Ed Davey, The Independent
A cunning rat leaves a sinking ship. Yet it’s a striking feature of today’s Conservative Party that so many are scrabbling to stay aboard their listing vessel instead. Amber Rudd and the ever versatile Matt Hancock have even converted to the cause of a crash-out Brexit, despite previously warning it would be the economic equivalent of scuttling your own fleet at Scarpa Flow.
In a miraculous combination of rodent dexterity and selective amnesia, Michael Gove has discovered Boris Johnson has the character to take the ship’s helm after all. And tens of thousands of Ukip immigrants have hopped aboard to gnaw at the hull, to force Johnson into ever more undeliverable Brexit promises.
Fair play then to Guto Bebb, the one Conservative to date who has chosen to throw himself overboard, declaring himself unable to take any more.

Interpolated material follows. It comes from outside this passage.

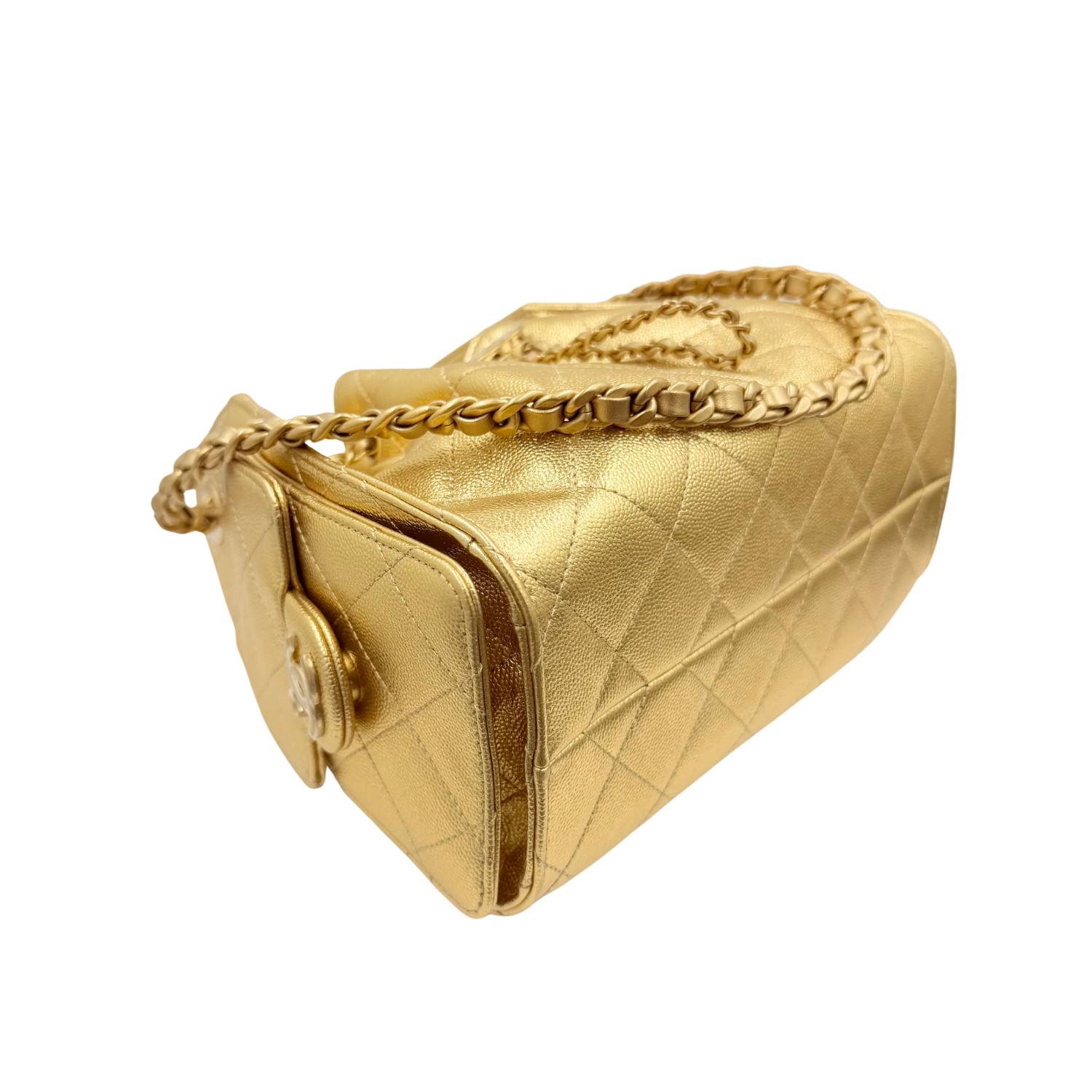 Chanel Mini Quilted Caviar Leather Chanel 25 Handbag Gold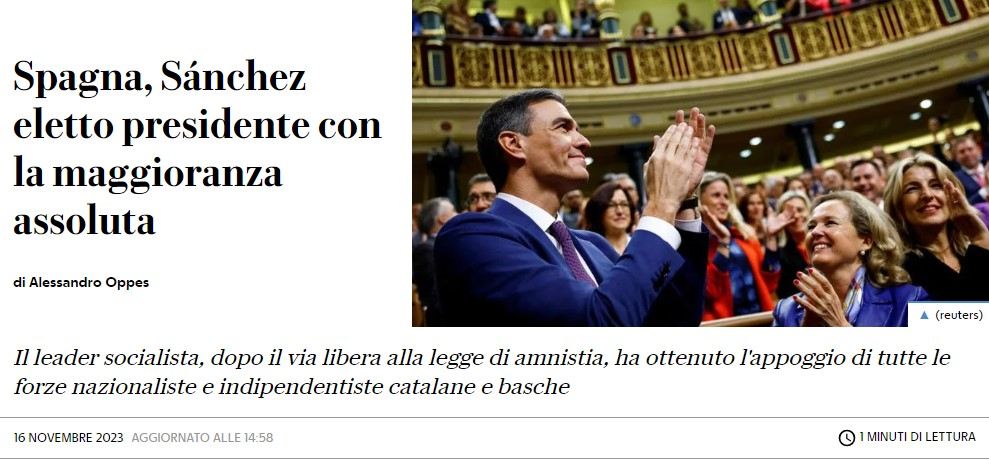 La Reppublica, investidura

Who can blame the poor fellow?
The question is, how can those other Conservative MPs still in contact with reality remain in a party committed to closing down parliament and ditching the Irish backstop, as Johnson now demands – a course that can only lead to the ship floundering on the rocks?
You know madness has taken hold when it’s down to Liam Fox to be the voice of reason in reminding Johnson of Brexit realities. Previously, Fox’s main purpose was to tell soothing bedtime fairytales to Brexiteers (a deal with the EU will be “one of the easiest in human history” to negotiate, he famously said). Now he has to explain to our next prime minister that a UK-US trade deal might prove a tiny bit tricky. Fox’s entire career has been as spokesperson for some under explained Transatlantist project, to make the UK even more subservient to America. Yet even he now says to Johnson: “Woah, hold on there, as prime minister you will actually be expected to look after the interests of the UK.”
Even Fox now seems to understand the fiendish complexity of Brexit
Here’s just one example. Johnson reportedly plans to declare his contempt for the EU by making his first foreign foray to Washington to secure a UK-US trade deal. That would almost certainly make the Irish backstop unworkable, because chlorinated chicken and all could not only flood the UK but the entire EU without a hard border. But has Johnson even considered whether such a trade deal, following a no-deal Brexit and its likely hard border, could get through congress where Irish interests carry weight? I merely ask the question.
An alternative Johnson ruse – I struggle to call it a “plan” – is to extend the transition period until technology renders the backstop unnecessary. But this is pure Boris in Wonderland, because technology is not a solution. You don’t need to be a John Maynard Keynes to understand that if Britain leaves the European market, a border will have to be put in place – and that would break UK obligations in a treaty lodged at the United Nations. A treaty struck after the loss of 3,600 British lives to guns and bombs in our own country.
Mutiny is now our only salvation. Midshipmen and midshipwomen in the Tory crew now must do their patriotic duty: given their party is finished as a home for rational debate, yet remains in power, they must join with the rest of us to try to grab the wheel.
As we peer into the mist and choppy waters ahead, two things seem clear. First, the poster boy of the Brexit movement will soon be in charge: there can be no accusations of betrayal now. Second, even with Johnson as prime minister, there is really only one way out – a Final Say referendum.
Liberal Democrats were denounced as cranks when we first argued this. But even Johnson will find as HMS Brexit threatens to wreck us all, a second referendum is the only life raft left.